All Jerry Shu ’21 needed to create a piece of award-winning art was a set of color pencils and a piece of cardboard. Using these tools, Shu conjured the visage of a man screaming in pain on the midnight blue backdrop, etched in with wavering lines. With this art piece, titled “Dual,” Shu won the 2018 Congressional Art Competition of Massachusetts’ 3rd District and earned congratulatory remarks from Congresswoman Niki Tsongas. Shu was also awarded the 2017 Scholastic Art and Writing National Gold Medal for his other work, among other gold keys, silver keys, and honorable mentions.
“I think [winning Scholastic awards] inspired me to keep working on art knowing that there is recognition for it. When I saw all the other artists there, at the convention and at the awards ceremony, I was more inspired than ever seeing all the different ways people express themselves. This really drove me to think about how I could expand my capabilities,” said Shu.

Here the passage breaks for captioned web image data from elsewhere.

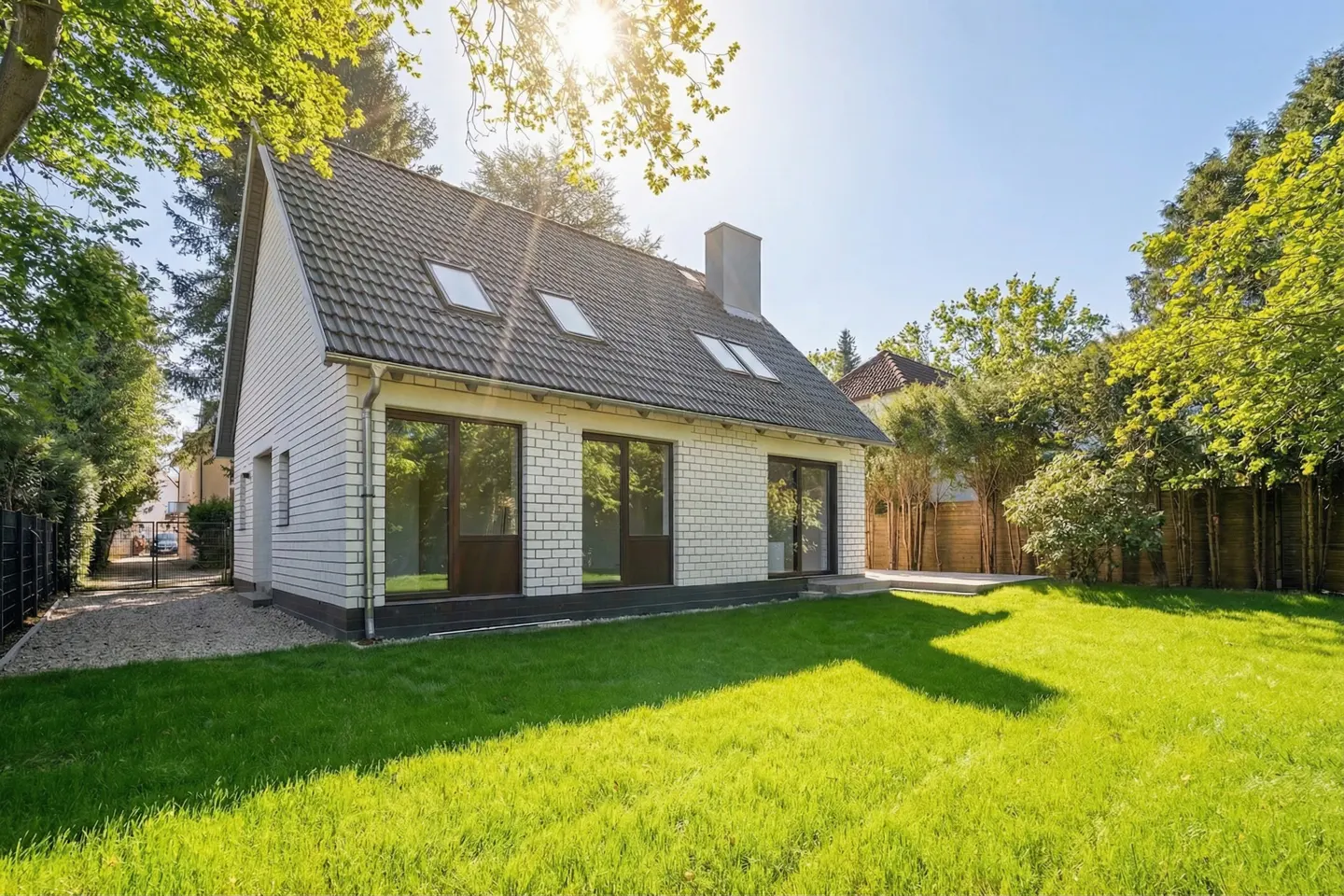 A white brick house with a gray roof and green lawn under a sunny sky.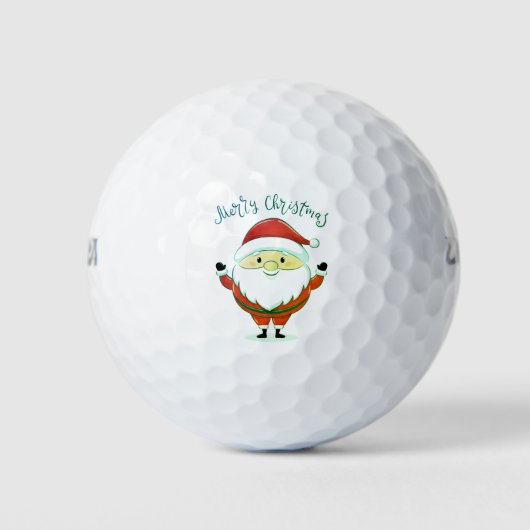 Niedlicher Weihnachtsmann Golfball (Vorderseite)
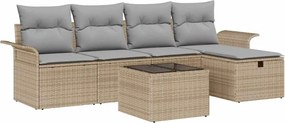 vidaXL Set de canapele pentru grădină cu pernă 6 pcs Bej Rattan poli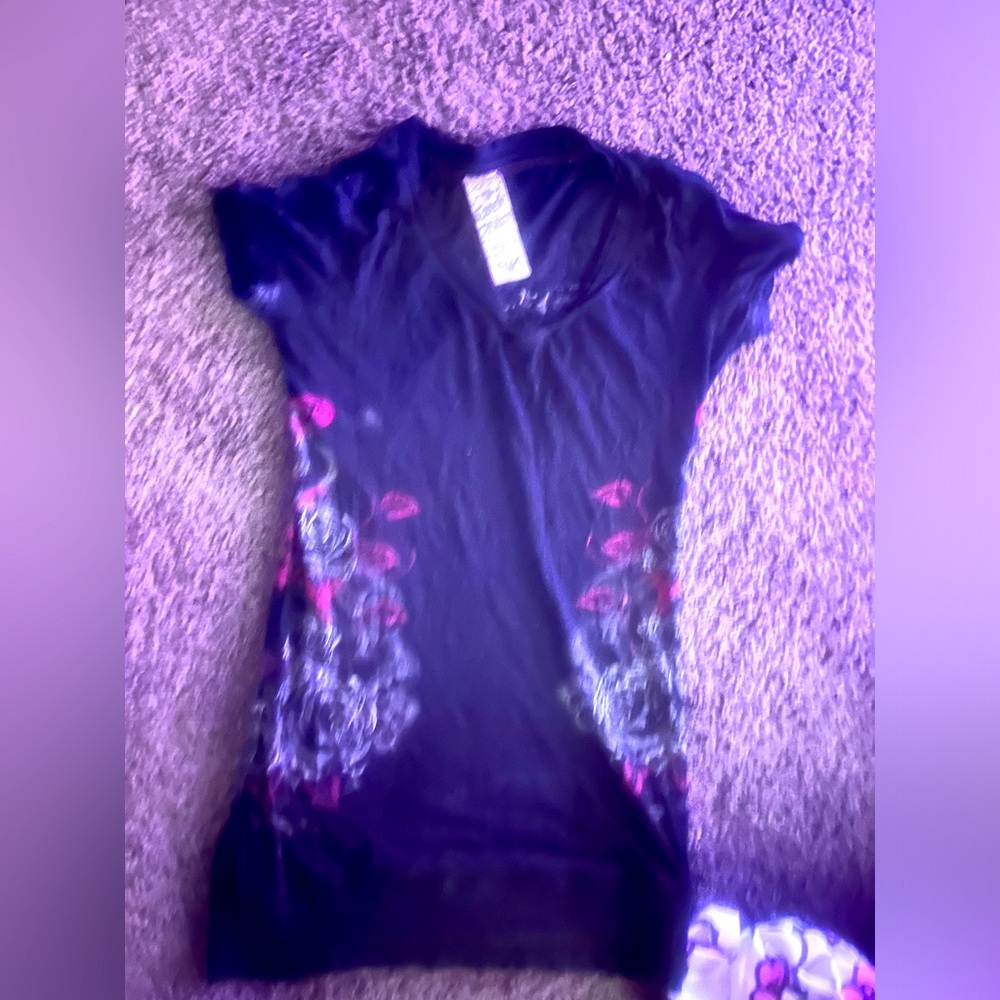 vintage crash&burn, black mini dress with red roses, womens size medium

Shu first began taking art classes as a kindergartener. With his mother providing him with a plethora of classes, Shu quickly developed a passion for artistic expression in particular and continues to pursue it at Andover.
“You can do whatever you want in art. No one can say no to what you can do. In other forms like speaking or writing, there is a restriction on the words you can use. With art, I’m able to express myself in other ways. It’s like showing yourself but not in a way that’s so clear cut, and that’s what I like about it. It’s up for interpretation,” said Shu.
Be it in theme or technique, Shu invokes his artistic freedom in all of his artworks. The most common method by which he exercises his artistic autonomy is by combining unusual materials or connecting drastically different topics.
Shu said, “[I try] to do stuff that’s not expected, putting things together that don’t seem that they connect… You know [that] if you are expressing something, you want [it] to be special. Another thing is shying away from conventional mediums. For instance, I did a project last year where I used construction paper and then on top of it, used colored pencil and it looked nice.”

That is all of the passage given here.